Operare un confronto può essere utile anche ai fini dell’argomentazione, per convincere cioè il lettore della genuinità della propria idea, sia che essa esprima un giudizio soggettivo, sia che essa possa essere palesemente condivisa da tutti (essere, cioè, oggettiva). Di una determinata situazione, per esempio, si possono valutare i pro, cioè quegli elementi che dimostrano il vantaggio della situazione stessa (in un testo argomentativo potrebbero essere accostati agli argomenti a favore della tesi), e i contro, ossia le condizioni sfavorevoli (a sostegno, invece, dell’antitesi). Raffrontare pro e contro di due diversi contesti può essere di grande aiuto per esprimere le proprie preferenze.

Prima di raccontare il tragico giorno dell’attentato di cui è stata vittima, Malala si lascia andare ad alcune considerazioni personali su due luoghi per lei fondamentali: il distretto dello Swat, in Pakistan, dove è nata e cresciuta; e la città di Birmingham, in Inghilterra, che l’ha accolta dopo l’episodio.

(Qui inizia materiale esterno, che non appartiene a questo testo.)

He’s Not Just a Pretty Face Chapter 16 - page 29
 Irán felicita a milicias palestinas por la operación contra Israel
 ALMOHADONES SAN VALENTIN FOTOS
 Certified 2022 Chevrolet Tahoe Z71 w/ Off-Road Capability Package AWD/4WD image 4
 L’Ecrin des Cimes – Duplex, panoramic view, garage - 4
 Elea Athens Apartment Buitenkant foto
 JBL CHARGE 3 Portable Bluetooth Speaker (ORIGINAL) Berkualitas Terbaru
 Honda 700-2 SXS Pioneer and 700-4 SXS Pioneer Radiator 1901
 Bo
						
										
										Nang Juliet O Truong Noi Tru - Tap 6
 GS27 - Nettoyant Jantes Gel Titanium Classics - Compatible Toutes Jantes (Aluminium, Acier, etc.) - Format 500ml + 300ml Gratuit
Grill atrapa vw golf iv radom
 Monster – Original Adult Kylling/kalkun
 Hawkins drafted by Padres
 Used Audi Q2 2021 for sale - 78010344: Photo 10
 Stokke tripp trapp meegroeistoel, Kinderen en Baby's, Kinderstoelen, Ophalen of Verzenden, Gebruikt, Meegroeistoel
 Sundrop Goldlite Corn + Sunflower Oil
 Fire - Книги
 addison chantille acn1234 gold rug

Le sue parole mostrano chiaramente che, nell’esprimere un giudizio personale (in questo caso la sua preferenza per un posto), gli aspetti soggettivi e sentimentali (ricordi, affetti, legami) possono avere la stessa validità di dati certi e concreti (condizioni sociali, economiche, politiche). Nel descrivere, poi, quello che può essere considerato l’avvenimento centrale della sua vita, la ragazza mette al centro della narrazione l’idea-cardine del suo pensiero, ossia l’importanza dell’istruzione, sottolineando che per lei la difesa dei propri diritti è più importante della sua stessa vita.

  • Prendendo a modello il testo appena letto, opera un breve confronto tra due luoghi, due persone, due oggetti, a te cari, mettendo in luce gli elementi positivi e negativi di entrambi ed esprimendo la tua preferenza per l’uno o per l’altro.
  • Scrivi un breve testo argomentativo sull’importanza dell’istruzione, tenendo però in considerazione il tuo contesto sociale (Malala, infatti, parte da una situazione di svantaggio perché nel suo Paese l’istruzione femminile è considerata pericolosa; in Italia, invece, studenti e studentesse godono degli stessi diritti).